(Beginning of Data)
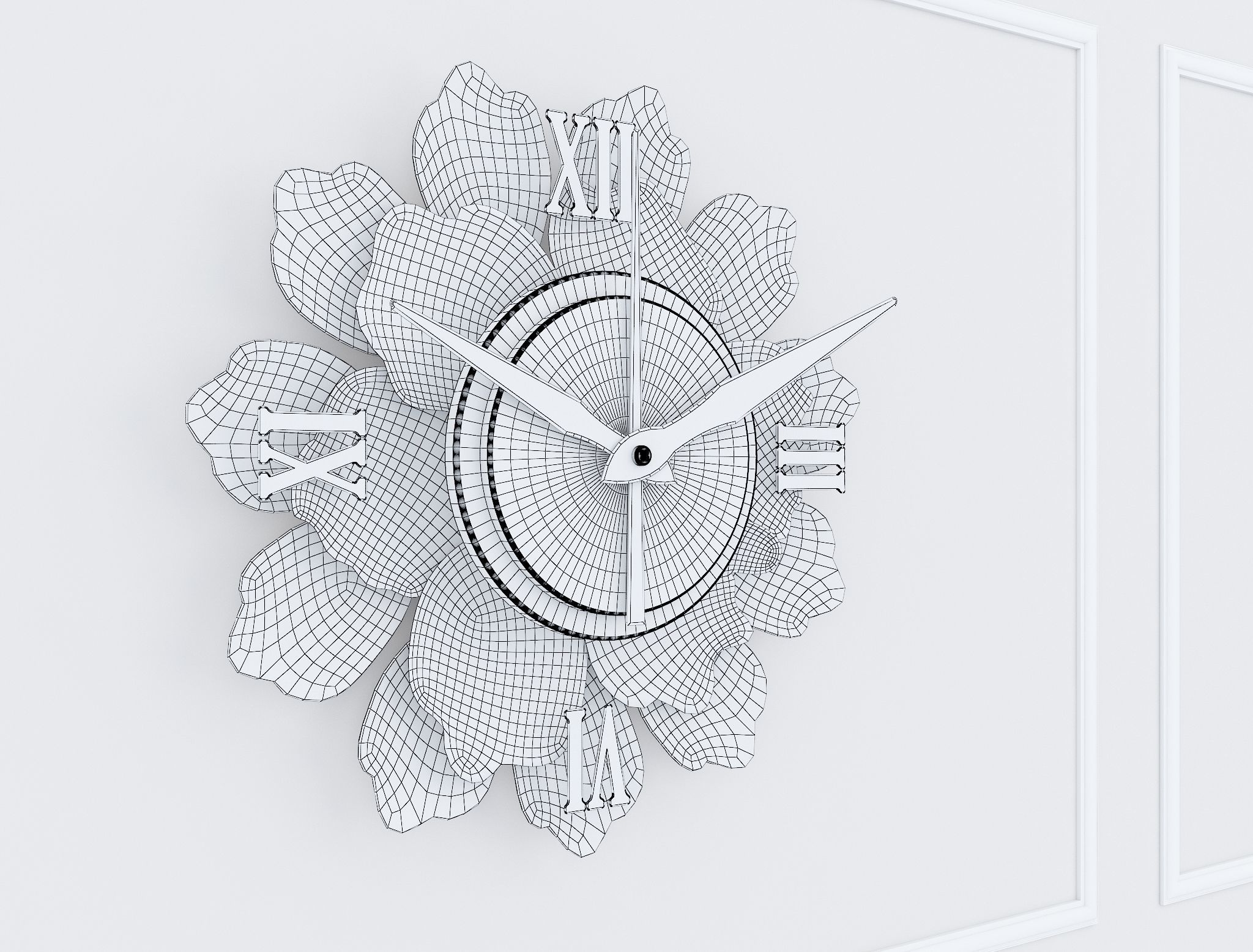 Decorative Metal Clock plants with gold m8 3D model_1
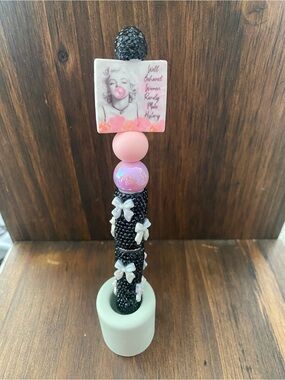 New Marylin Monroe Black & Pink Decorative Beaded Pen
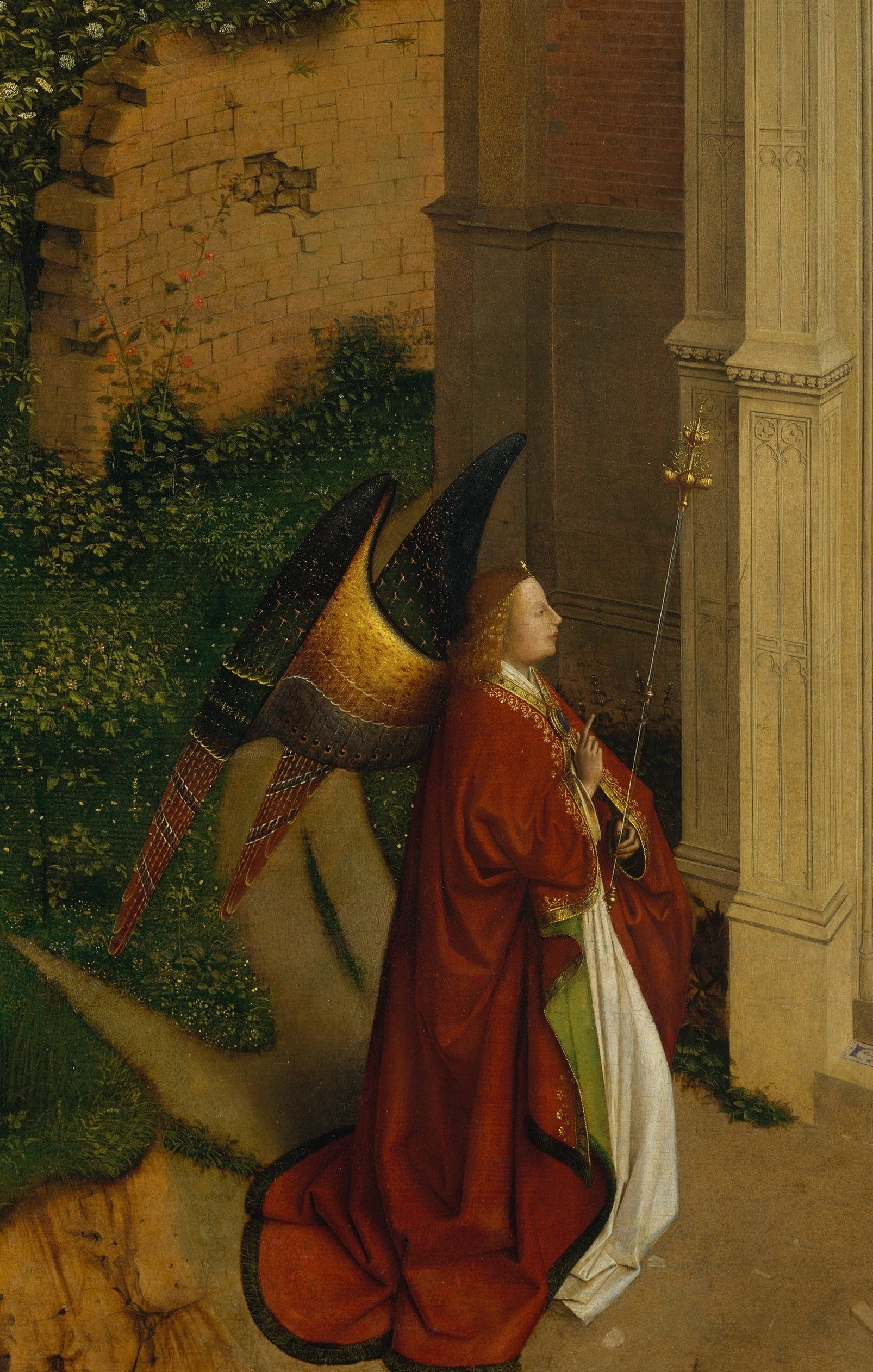 The dominant red commands the left half of the composition; the rendered fabric folds demonstrate Flemish mastery of oil paint as a medium for simulating silk and ecclesiastical brocade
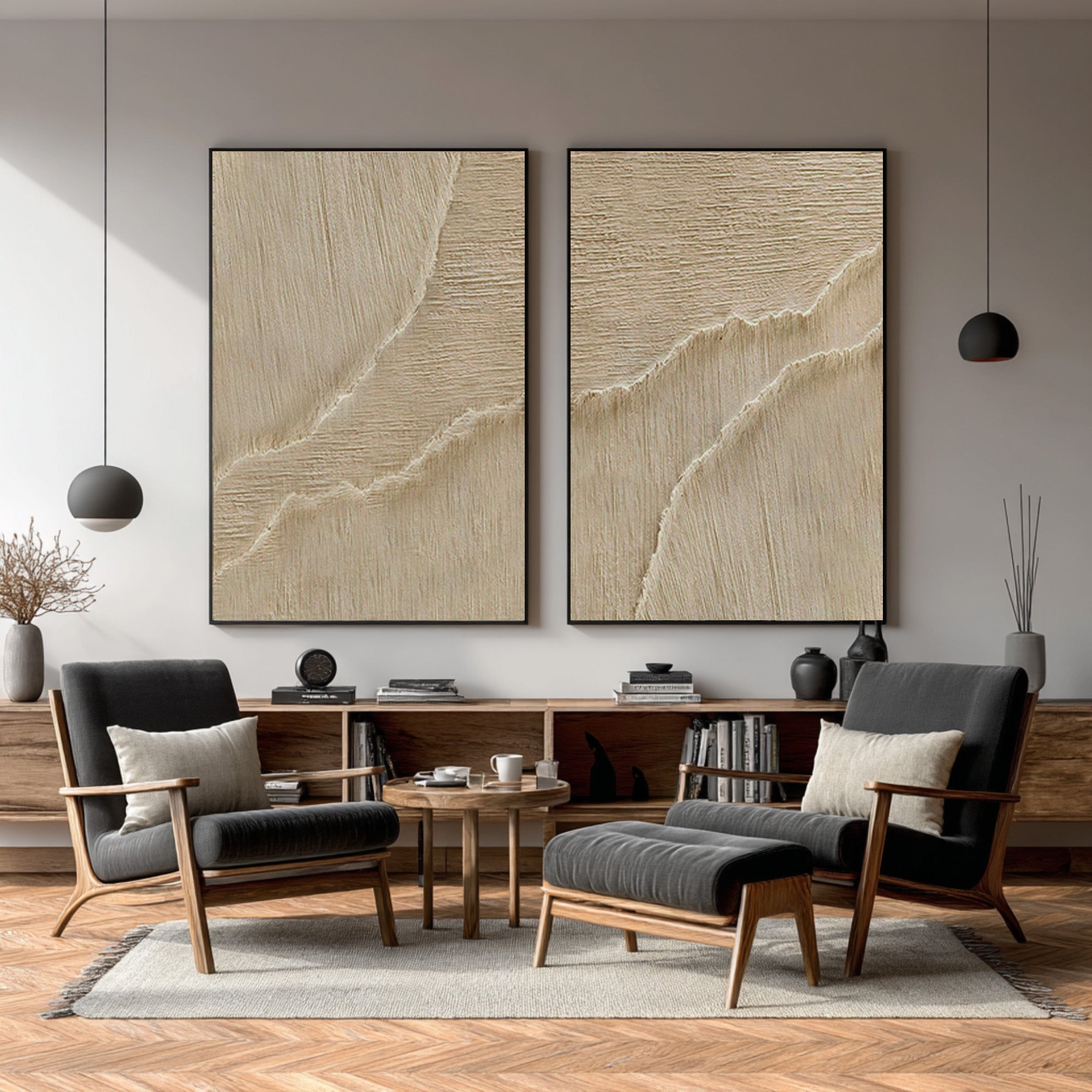 Large Beige Impasto Wall Art Set Of 2 #AG 074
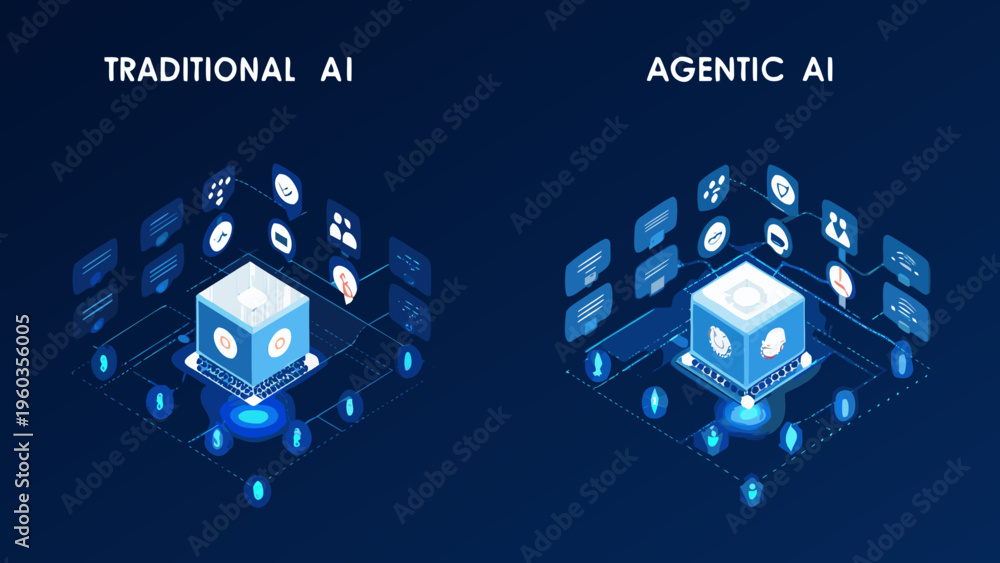 Comparing traditional and agentic ai architectures in a visual ...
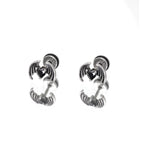 Bat Black CZ Stainless Steel Ear Stud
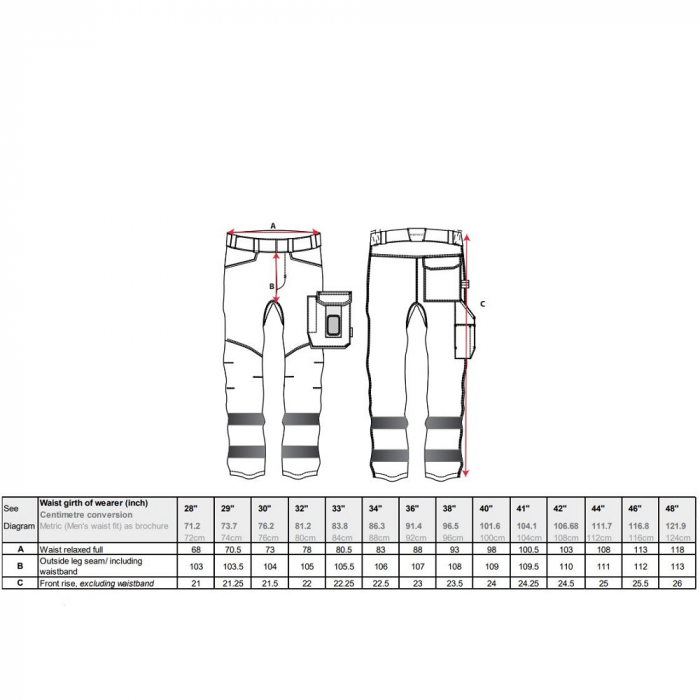 Pantaloni reflectorizanti Portwest HIVIS PW2 PW241, 65% poliester, 35% bumbac, 245g [2]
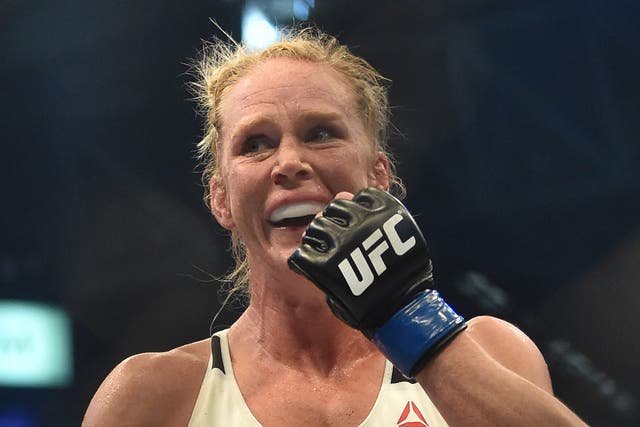 Holm, pictured during her victory over Rousey in November 2015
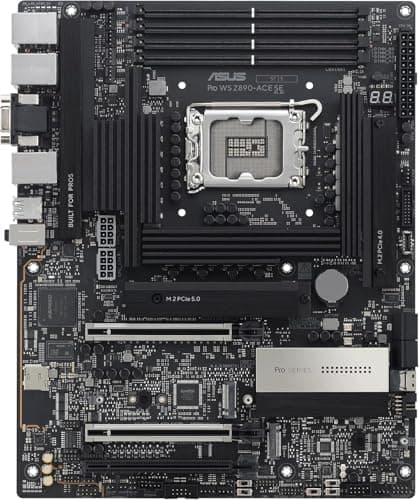 ASUS PRO WS Z890-ACE SE Workstation Mainboard Sockel Intel LGA 1851 (ATX, PCIe 5.0, DDR5, 10Gb & 2,5Gb-Ethernet, 4X M.2-Steckplätze, 1x USB 20Gpbs-Frontanschluss, Onboard-BMC)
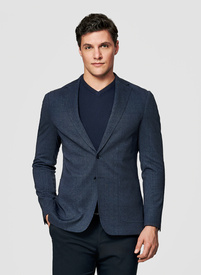 Granatowa marynarka w jodełkę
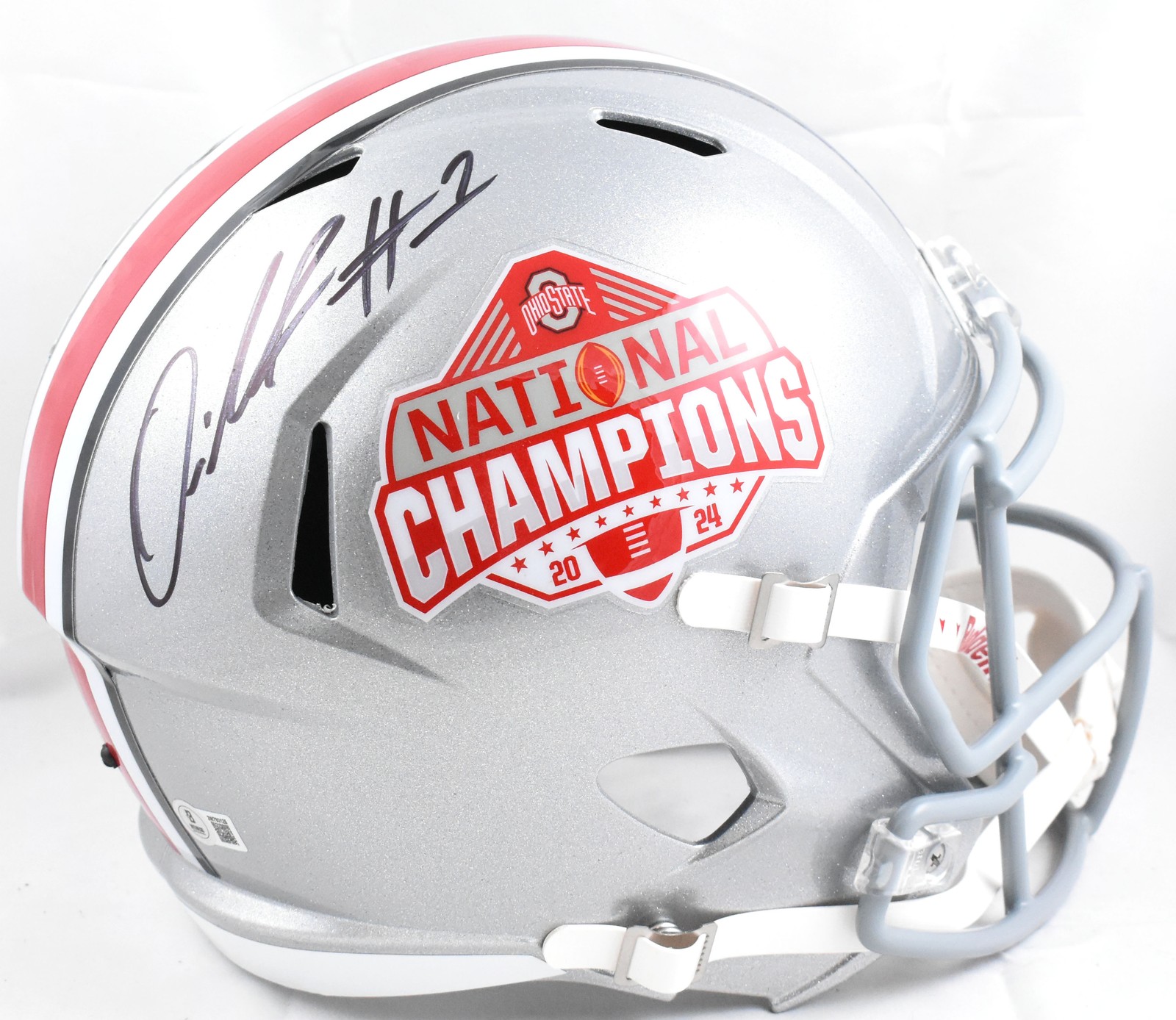 Quinshon Judkins Signed Ohio St. F/S Natl Champs Logo Speed Helmet - Beckett W 
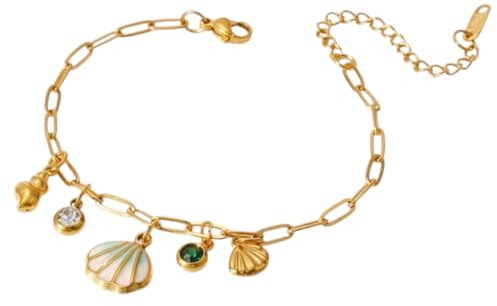 Karma Armband mit Muscheln Gold Damen 16 cm Edelstahl Vergoldet Wasserfest Hypoallergen Damenarmband Modern Damenschmuck Sommerschmuck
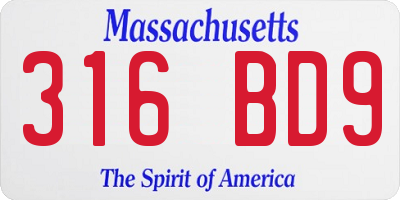 MA license plate 316BD9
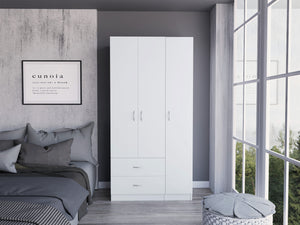 English Elm Bosko Three Door Wardrobe Armoire with Drawers Hanging Rod Black Wengue Finish B097S00226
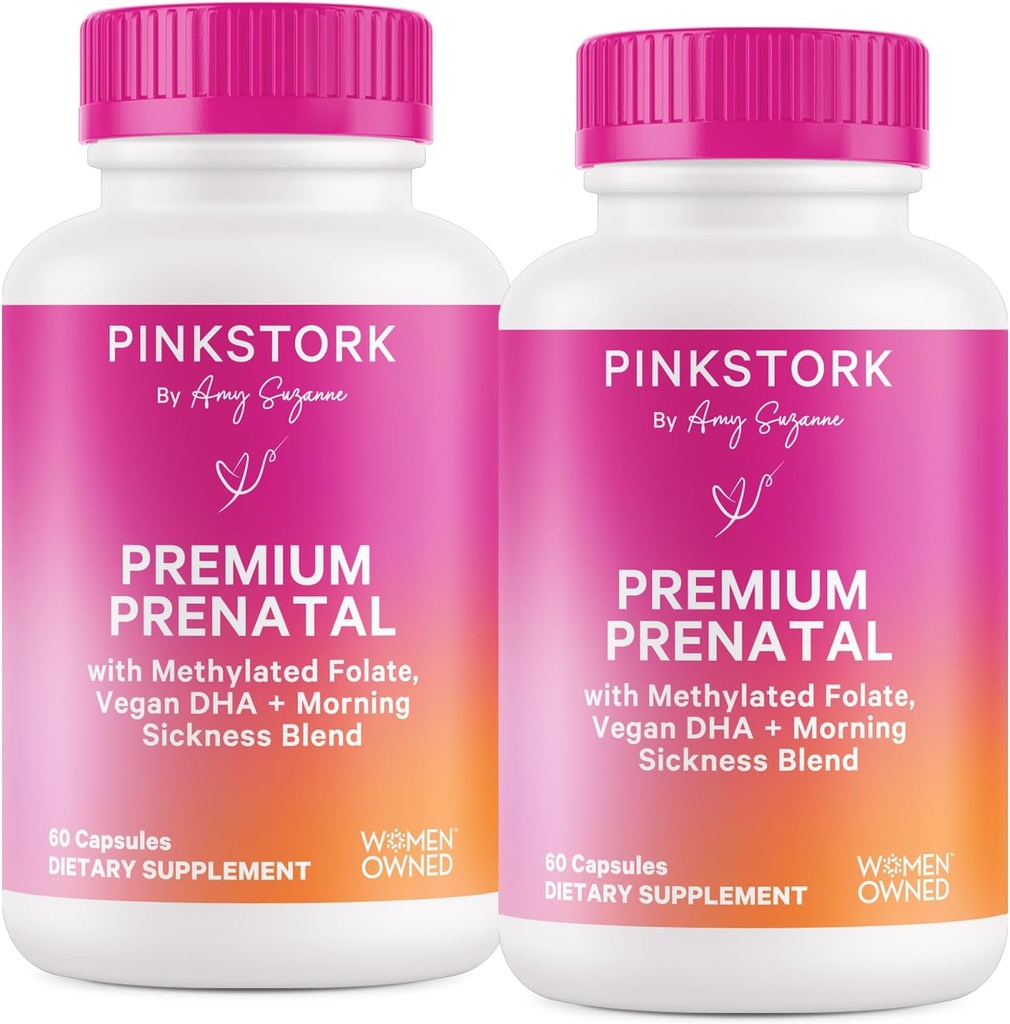 Pink Stork Premium Προγεννητική Βιταμίνη για τις γυναίκες - Πολυβιταμίνη & Προβιοτικά - Πρωινή Ασθένεια, Διέγερση, & Ενέργεια - Folate, B6, & Iron - 60 Κάψουλες - 2 Συσκευασία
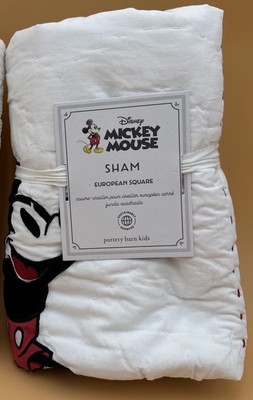 1 POTTERY BARN DISNEY'S MICKEY MOUSE PATCHWORK EURO EUROPEAN SHAM NEW PBK-image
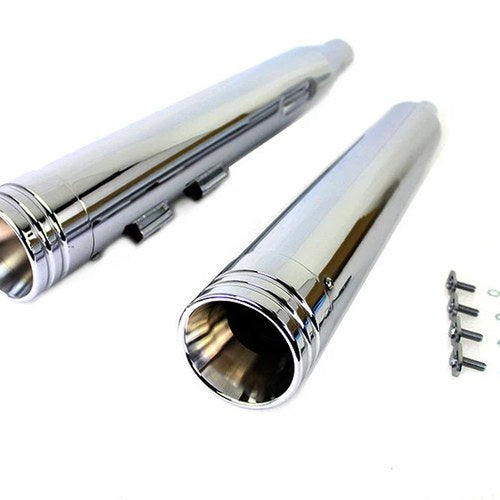Wyatt Gatling Muffler Set Chrome with Chrome 2 Ring Comet for Harley-Davidson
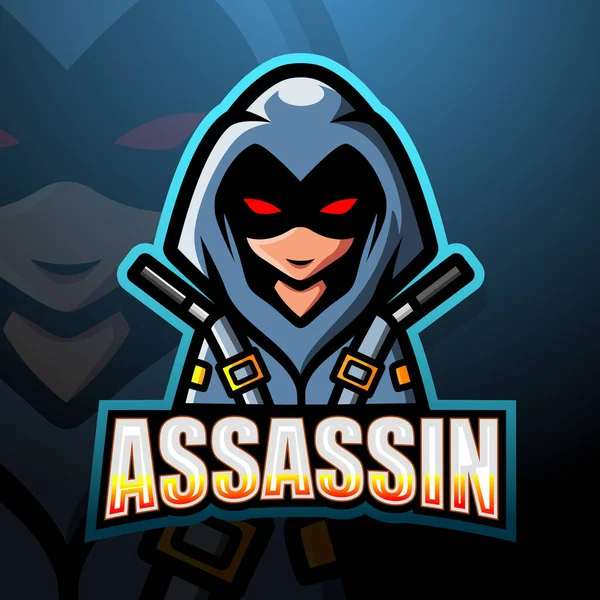 Vektor Illustration Assassin Maskot Esport Logotyp Design — Stock vektor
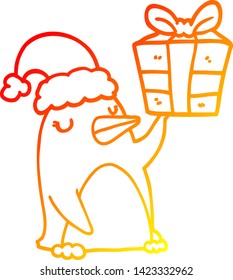 dibujo de línea de degradado cálido de un pingüino de dibujos animados con navidad presente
(End of Data)
* [Problem to work on]:
Any pictures are to be skipped, and the lines from the beginning of the entries through the line with "New Marylin Monroe" copied exactly.

* [Task response]:
 Decorative Metal Clock plants with gold m8 3D model_1
 New Marylin Monroe Black & Pink Decorative Beaded Pen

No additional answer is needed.